On their own, great ideas cannot achieve anything; they must be translated into action, bringing together processes and handled by the right mix of experts as they pass through conception to development and launch. The problem is, all the data involved in bringing a product to market often tends to reside in siloes. Even the activities are not as efficient as they can be, with users spending too much time accessing many different datasets.

By optimizing for time and productivity, product development cycles can be cut shorter to improve time-to-market and allow Research and Development to quickly get back to work on developing the next innovation.

Solution: A product lifecycle management (PLM) software that improves data search and staff collaboration can increase staff productivity by a significant margin.

2. Material and Recipe Management

Monotonous and repetitive tasks are increasingly being automated to minimize or eliminate error rate, and allocate human talent to innovation and profit-generating tasks. In the F&B industry, material and recipe management is stuck in the past. Manual entries and modification of data inevitably leads to inaccuracies and wasted costs. Duplication is a major issue, with data being recorded multiple times, as raw materials and specifications are recaptured and reintroduced into the database instead of reusing and/or modifying already existing datasets.

As a result of these inefficiencies, recipe information is not reactive to consumer or partner demands. Physical archiving also makes data difficult to access for immediate query and use when needed.

Solution: A comprehensive, cross-product data system that enables manufacturers to adapt and update material data and recipes easily, keeping costs low and supporting the agile development of innovative products.

3. Specifications Management

Specification data tends to be maintained in siloes. Not surprisingly, inaccuracies can creep in, resulting in bothersome management of incomplete or wrong data. Updating data becomes even more cumbersome when the specifications need to be managed in different languages. When standard specifications are affected, it often comes at the cost of product quality.

Solution: PLM software offers companies a single data platform that can be modified and updated by different departments. It can help prevent lost, misplaced or unapproved documentation and specifications.

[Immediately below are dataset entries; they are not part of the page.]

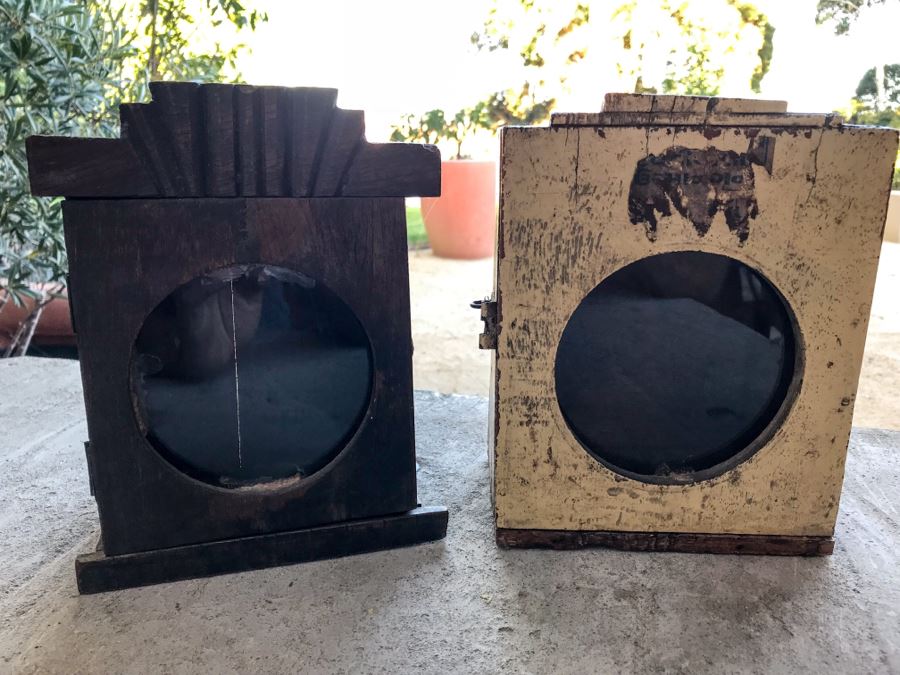 Pair Of Vintage Wooden Wall Mounted Display Boxes [Photo 1]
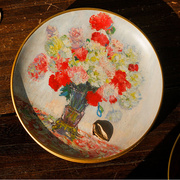 定制欧式陶瓷盘子装饰摆件客厅书架酒柜摆盘风景油画彩绘工艺盘挂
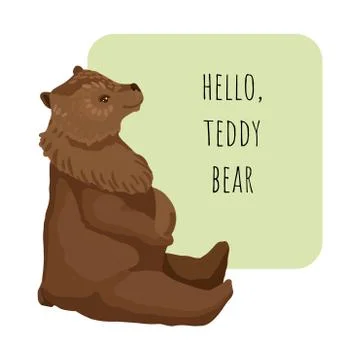 Cute brown bear sitting. Vector cartoon flat illustration card design Stock-Illustration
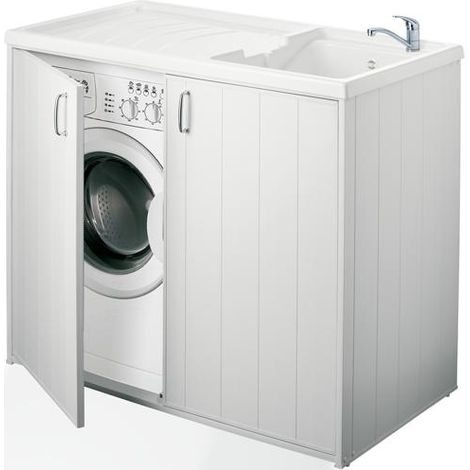 MOBILE COPRILAVATRICE+LAVATOIO IN RESINA PVC 109X60X89HCM (SMONTATO)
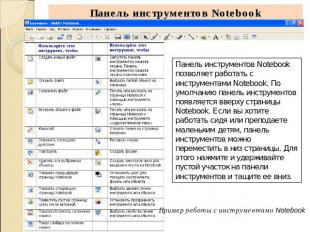 Панель инструментов Notebook Панель инструментов Notebook позволяет работать с и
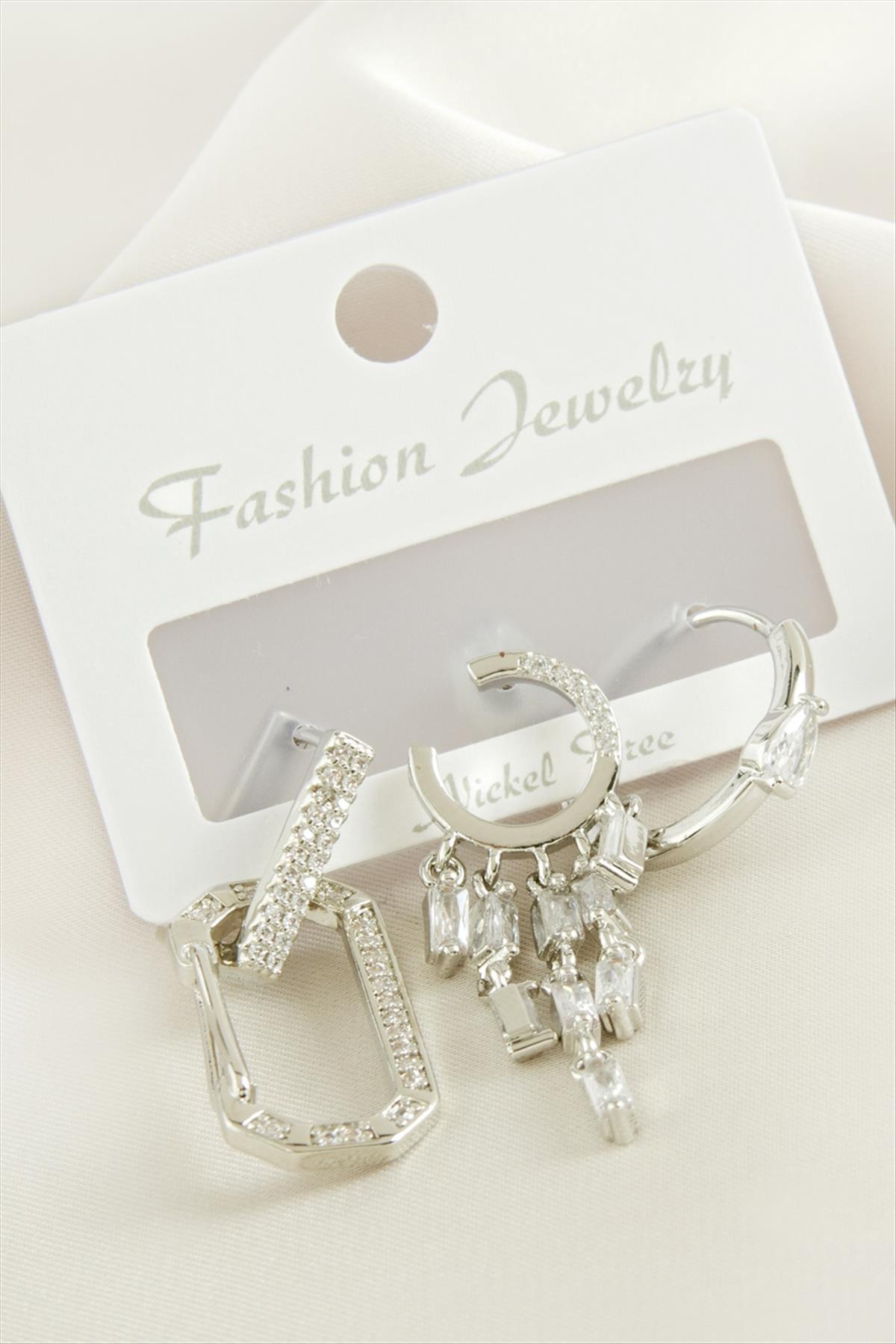 1207450_3-adet-baget-tasli-kupe-1053ea.jpg 3 Adet Baget Taşlı Küpe-Gümüş Rengi - Görsel 2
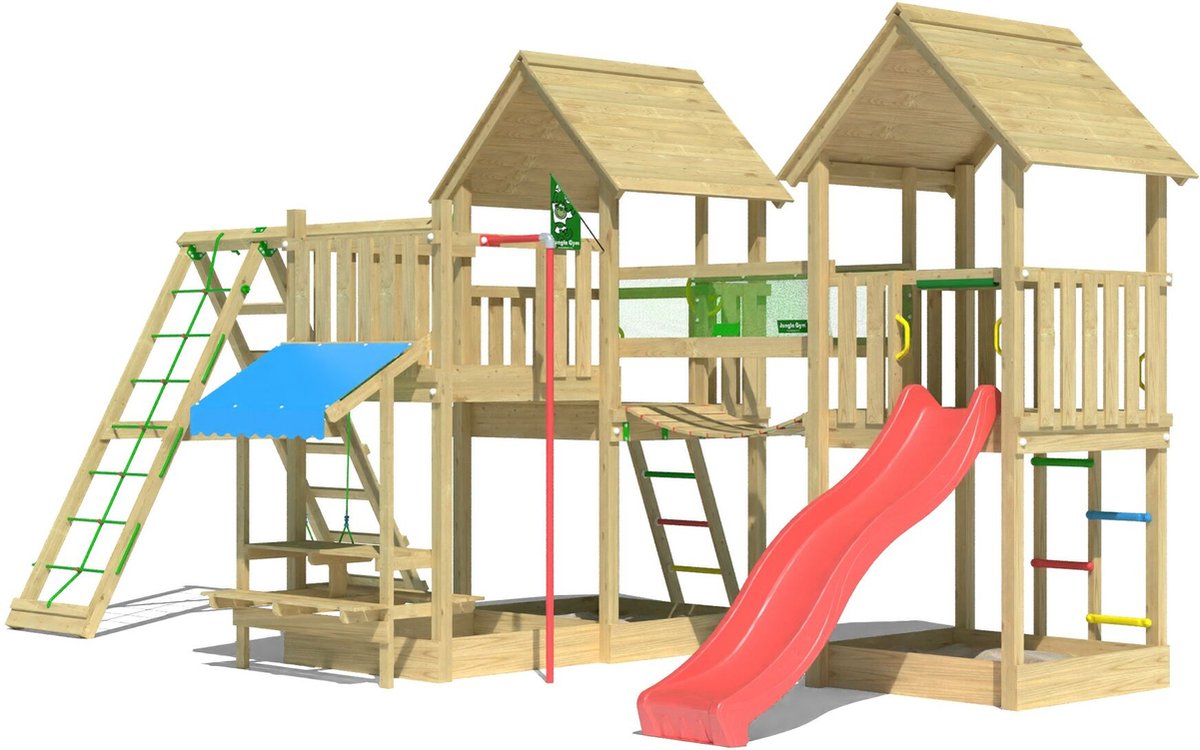   speeltoestel van grenen hout - Jungle Luxor met rode glijbaan - Tuin speeltoestel voor buiten met zandbak, schommel en klimnet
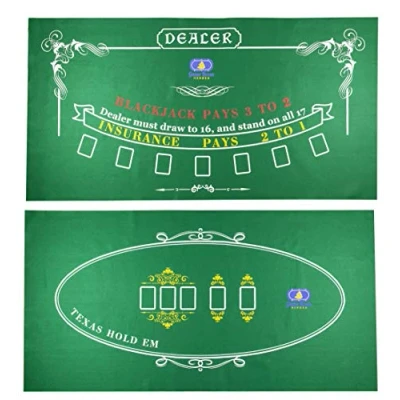 Image of Tabletop Casino Felt Layout for Texas Holdem Poker and Blackjack Premium Professional Grade Mat for, Theme Party, Night, Fundraisers &amp; Gatherings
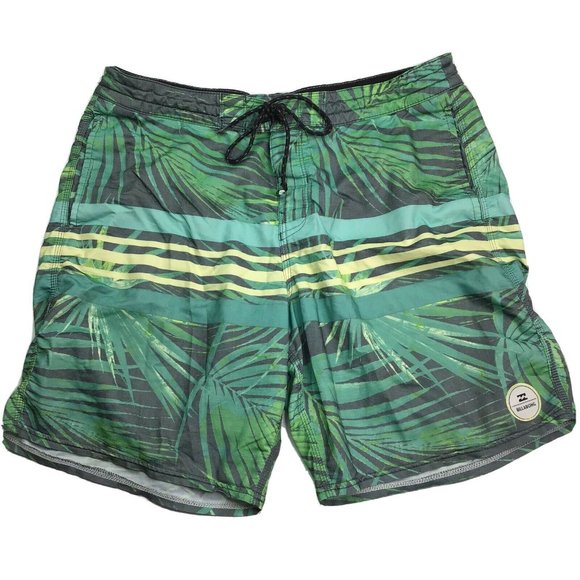 Billabong Boardshorts Green Tropical Leaf Mens 32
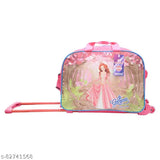 Waterproof pink polyester Barbie Wonder Girl kids trolley bag (20L), durable design with adjustable straps for school essentials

Timely and accurate specifications can not only support internal product quality standards but also assist with regulatory compliance.

4. Supplier Management

Supply chain management is a core strategy essential to getting products more profitably to market. A key problem in this regard is the lack of any quick mechanism to trace back the supply chain – besides the continuing practice of manually recording supplier data – which can compromise product quality and compliance.

Solution: PLM software that allows companies to standardize acceptance criteria, which can improve the accuracy and efficiency of data management, while also creating greater transparency across manufacturing and other related functions. The software can automate cross-functional workflows, and data can be transferred electronically between suppliers and producers. Companies can publish standardized documentation – including specifications and certificates – to ensure that suppliers meet their requirements.

5. Packaging and Labels

Surveys have indicated that most shoppers make it a point to read ingredient and nutrition labels, and admit that taste, nutrition and product safety are important considerations in making food purchases. Companies need to adapt packaging and labels to stringent regulatory requirements, while also ensuring that the labeling appeals to consumers. This is a multi-faceted process demanding collaboration between engineers, designers and marketing managers.

Solution: PLM software that makes the labeling and packaging process quicker and more streamlined.

PLM software integrates product development processes, people, data and business systems, providing an instantly accessible, easily searchable warehouse to save time, improve productivity, enhance quality and boost collaboration between and within companies. By solving problems and aiding better performance across beginning-of-life, mid-life, and end-of-life products stages, PLM is a high-ROI investment for any F&B manufacturing process seeking to be lean, efficient and profitable.